With the recent dramatic ramp-up in U.S. crude oil production, critics of the Jones Act complain that the law is outdated and should be amended or repealed. They say the act's restrictions have resulted in a glut of light sweet crude sitting in U.S. Gulf Coast ports, awaiting shipment to refineries on the East Coast.

But Charlie Papavizas, chair of Winston & Strawn law firm's maritime practice group, said it is too early to assess whether the provisions of the Jones Act would act as an impediment to shipments of oil and oil products between U.S. ports in the long term. "It's not clear that it's having any particular impact -- maybe over time, but not on the short-term basis," he said.

Papavizas also said it is not clear if the Jones Act will have any significant impact on long-term prices of gasoline in the U.S., although in the short term, shipping rates for passages between U.S. ports are at an historic high.

"The rates have certainly risen quite a bit on product tankers that can also carry crude oil," Papavizas said. This would indicate that there is a shortage of U.S. vessels that can legally make such trips between U.S. ports.

"But if you talk to supporters of the law, they would indicate that there are plenty of vessels and there are plenty of vessels being constructed, so that over time the capacity will be there," he said.

While the Jones Act has been criticized throughout its life as an impediment to free trade, shippers of energy products are finding ways to get around the strict restrictions of the law, Papvizas said.

"The Jones Act only applies to movements between ports in the U.S. So for a movement from the Gulf of Mexico to Canada, you can use a foreign vessel. The Jones Act does not apply," he said.
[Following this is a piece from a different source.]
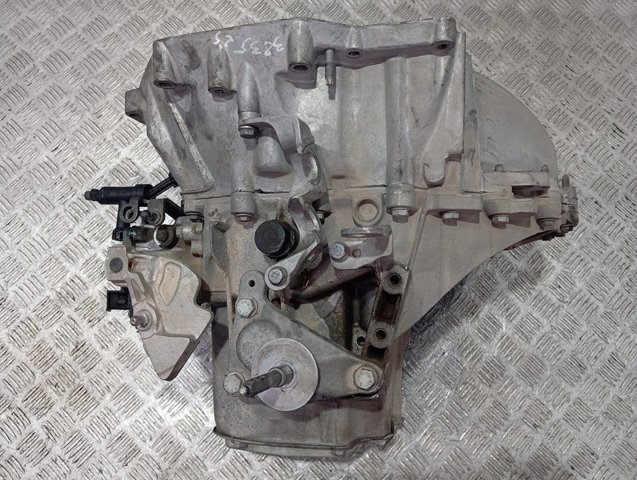КПП в зборі Peugeot/Citroen 20EA24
Shippers are increasingly moving crude to a refinery in Canada, where it can be converted into gasoline and transported back into the U.S., with all the transport taking place aboard foreign-owned vessels, Papvizas explained. A recent ruling by the U.S. Customs Service and Border Protection has also made it legal to do the same with refineries in the Bahamas, he said, adding that it remains to be seen whether a lot of volume that will go that route.